**Activity:** Please print nothing but the lines from the one with "Ein Mann steht" to the last line of the records below, and omit pictures.

┏━━

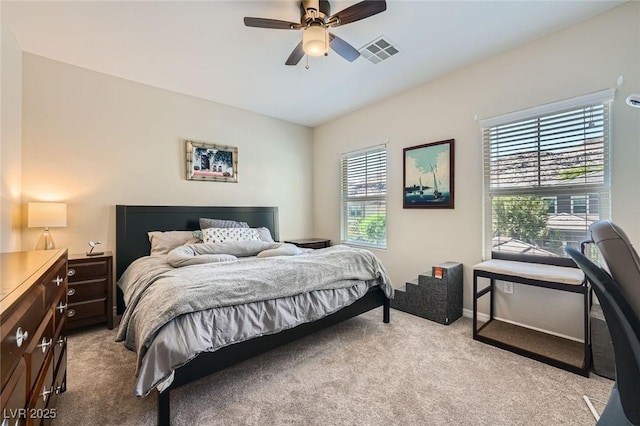 bedroom with light carpet, ceiling fan, and vaulted ceiling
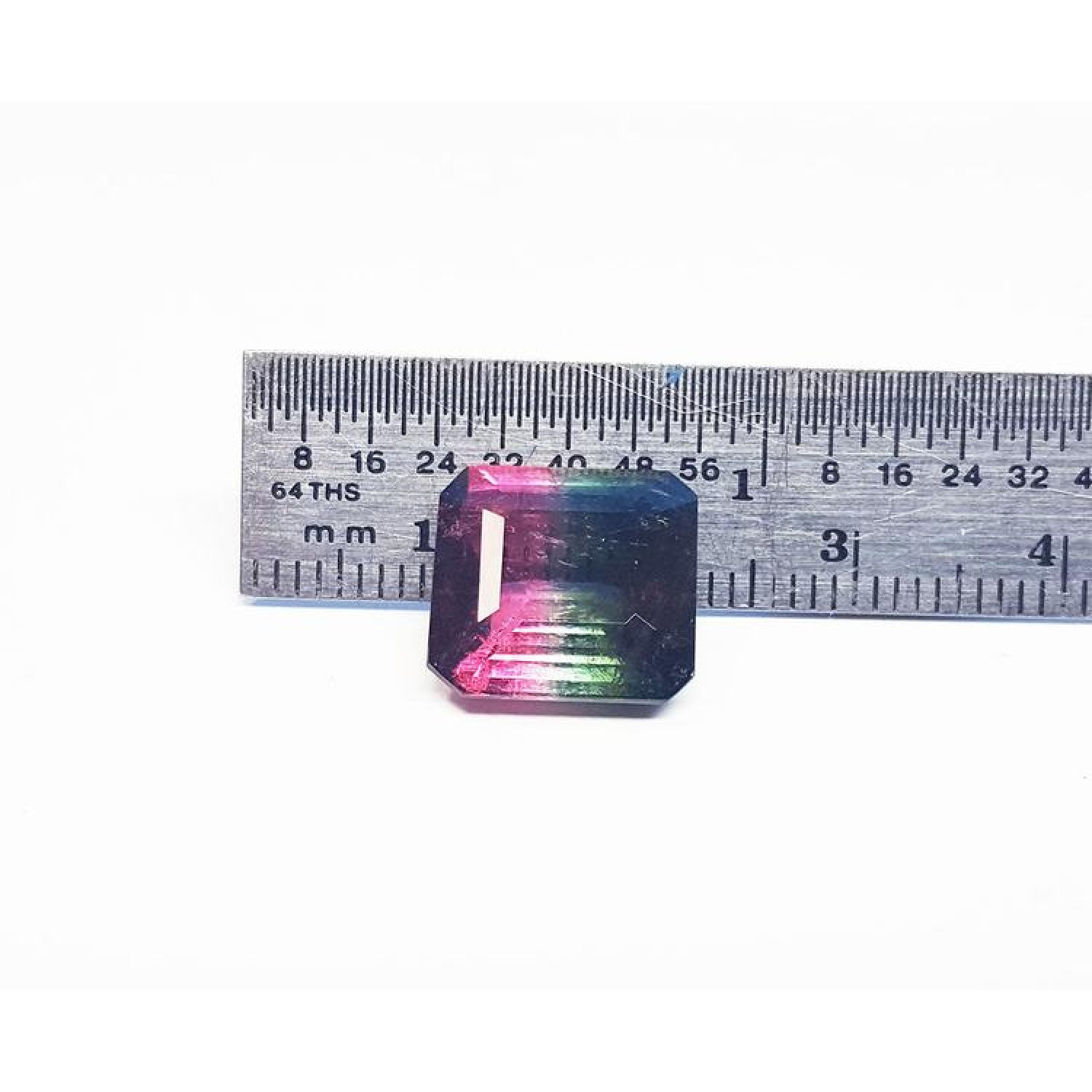 7.75 ct. emerald-cut Brazilian watermelon tourmaline, vibrant red-orange to deep bluish-green, next to a ruler.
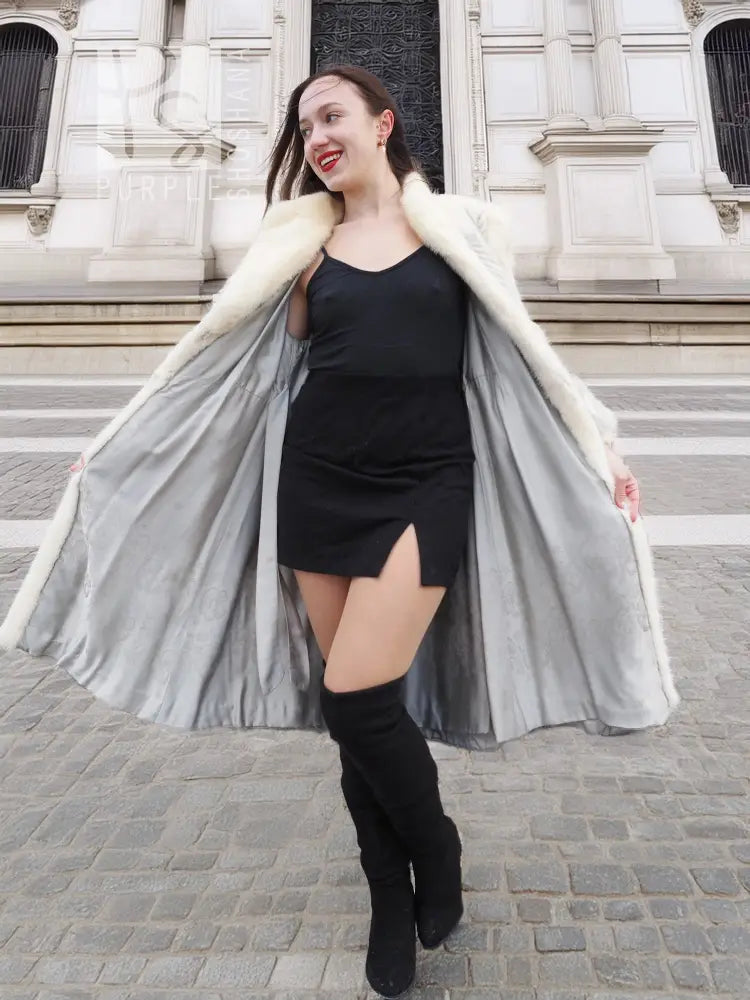 Cream faux-fur chevron coat with wide lapels and draped, flared open front
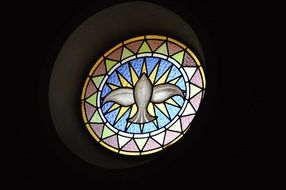 holy spirit as dove, round stain glass window in darkness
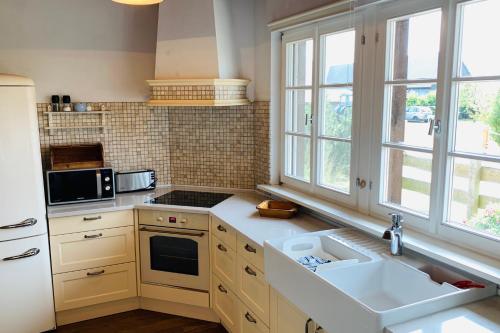 Konyha, Landhaus am Achterwasser mit Bootssteg in Rankwitz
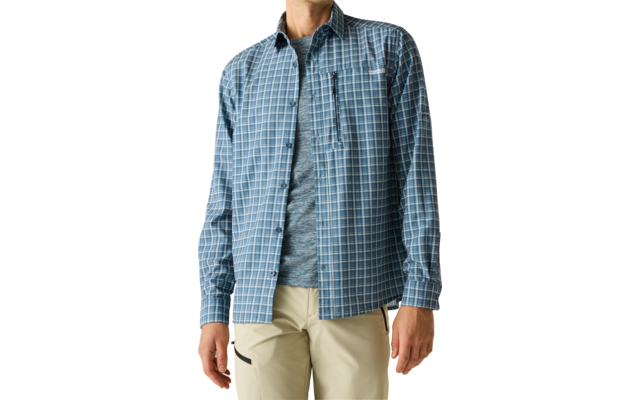 Ein Mann steht vor hellem Hintergrund, trägt ein blau-weiß kariertes Hemd über einem grauen T‑Shirt und helle Hose, blickt nach rechts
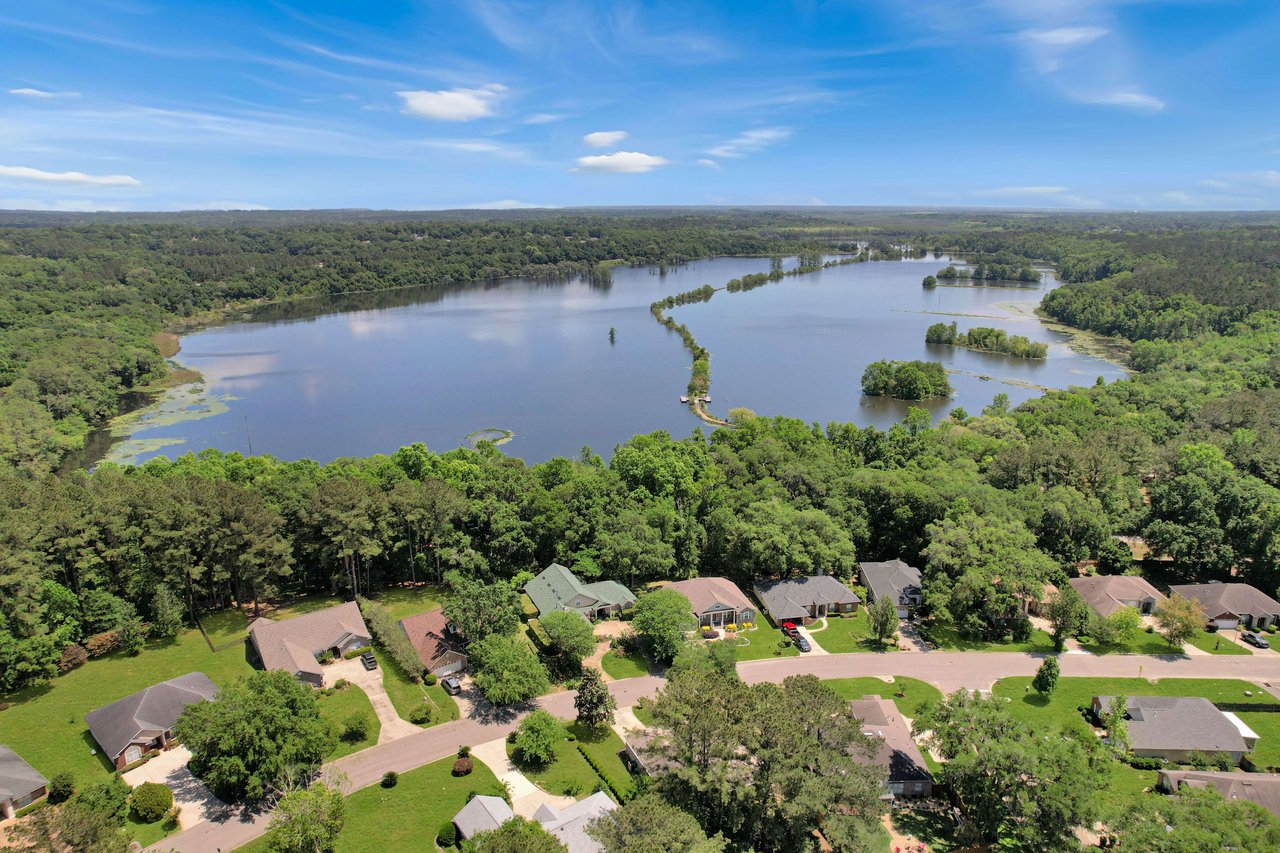 An aerial view of the Piney-Z community, featuring a lake and surrounding houses.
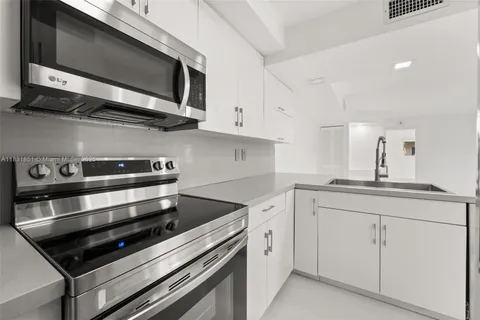 a kitchen with stainless steel appliances white cabinets and a stove top oven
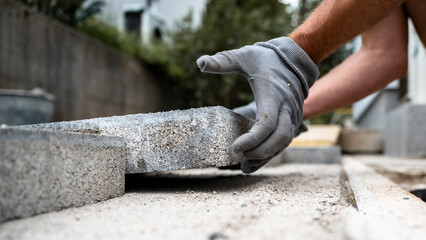 Laying concrete pavers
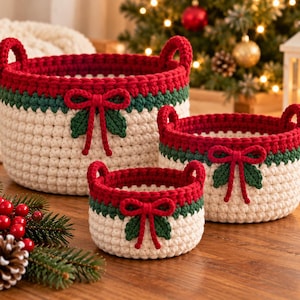 Puede incluir: Un conjunto de tres cestas redondas de ganchillo de diferentes tamaños, con una base de color crema, una banda central verde oscuro y un borde superior rojo. Cada cesta incluye dos asas laterales y un lazo decorativo de hilo rojo.
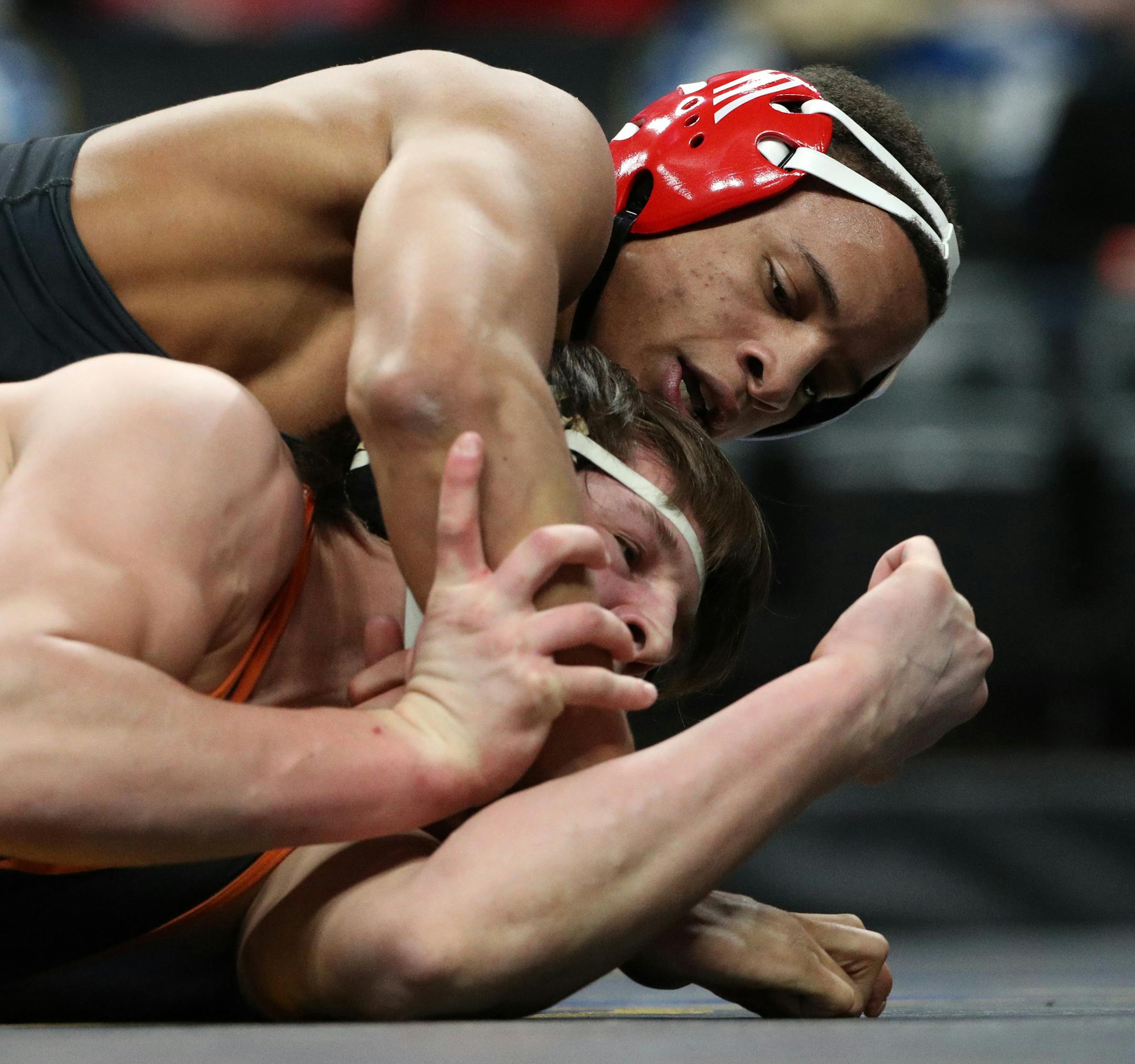 Simley/Inver Grove Heights' Daniel Kerkvliet, top, wrestled Delano's Steven Hajas in the Class AA 220lb championship match.] ANTHONY SOUFFLE ï anthony.souffle@startribune.com Wrestlers competed in the MSHSL state tournament Saturday, March 3, 2018 at the Xcel Energy Center in St. Paul, Minn.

┗━━

**Result of this exercise:**
 Ein Mann steht vor hellem Hintergrund, trägt ein blau-weiß kariertes Hemd über einem grauen T‑Shirt und helle Hose, blickt nach rechts
 An aerial view of the Piney-Z community, featuring a lake and surrounding houses.
 a kitchen with stainless steel appliances white cabinets and a stove top oven
 Laying concrete pavers
 Puede incluir: Un conjunto de tres cestas redondas de ganchillo de diferentes tamaños, con una base de color crema, una banda central verde oscuro y un borde superior rojo. Cada cesta incluye dos asas laterales y un lazo decorativo de hilo rojo.
 Simley/Inver Grove Heights' Daniel Kerkvliet, top, wrestled Delano's Steven Hajas in the Class AA 220lb championship match.] ANTHONY SOUFFLE ï anthony.souffle@startribune.com Wrestlers competed in the MSHSL state tournament Saturday, March 3, 2018 at the Xcel Energy Center in St. Paul, Minn.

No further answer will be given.